Sarens completes dual ring crane lift

Sarens has completed a new benchmark in heavy lifting. The Rotterdam operation paired two giant ring cranes for continuous offshore component handling with an electric zero-emission platform.


IN Brief:

  • Sarens has completed what it describes as the first tandem operation involving two giant ring cranes of this class.
  • The lift combined the upgraded SGC-120/1 with the new fully electric SGC-170 at SIF’s Rotterdam facilities.
  • The operation points to heavier, more integrated module handling for offshore, civil, and major energy projects.

Sarens has carried out a tandem heavy-lift operation at SIF’s Rotterdam facilities using two of its largest ring cranes, marking a notable step forward in the scale and coordination of modular lifting work. The lift paired the upgraded SGC-120/1 with the new SGC-170, creating what the company describes as the first simultaneous tandem operation involving two giant ring cranes of this class.

The newer crane is central to the engineering story. Sarens said the SGC-170 was designed in-house, delivers a 170,000 ton-metre load moment, lifts up to 3,200 tonnes, and runs on a fully electric, zero-emission architecture. In boom-and-jib configuration, it can lift 1,300 tonnes to more than 200 metres, while its modular design is intended to reduce assembly time and make relocation faster despite the machine’s size.

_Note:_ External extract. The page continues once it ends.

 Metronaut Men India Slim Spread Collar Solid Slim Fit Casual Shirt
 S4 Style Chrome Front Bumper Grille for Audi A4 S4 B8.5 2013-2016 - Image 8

The SGC-120/1 brings a different kind of upgrade. Sarens said the machine lifts beyond 3,500 tonnes and reaches 140,000 T/m, around 45% above the original SGC-120, through reinforced structural components and changes to the counterweight and power systems. The result is a higher-capacity machine that retains the compact footprint and transport characteristics that made the original ring crane attractive on constrained sites and in specialist yards.

The Rotterdam operation also depended on choreography rather than headline capacity alone. Sarens said its TP-Handler was used to sequence and prepare heavy loads so the two cranes could work continuously with less interference between movements. That matters in environments where offshore wind structures, nuclear components, or other oversized assemblies are being handled at pace and with very little room for operational drift.

For the wider market, the significance is less about spectacle than throughput. Larger pre-assembled components, tighter yard schedules, and lower-emission lifting systems are beginning to converge, and that changes the value placed on mobilisation speed, footprint, and control as much as raw tonnage. Rotterdam is a reminder that the next gains in heavy lifting are increasingly being made in the interface between equipment design, power architecture, and lift planning.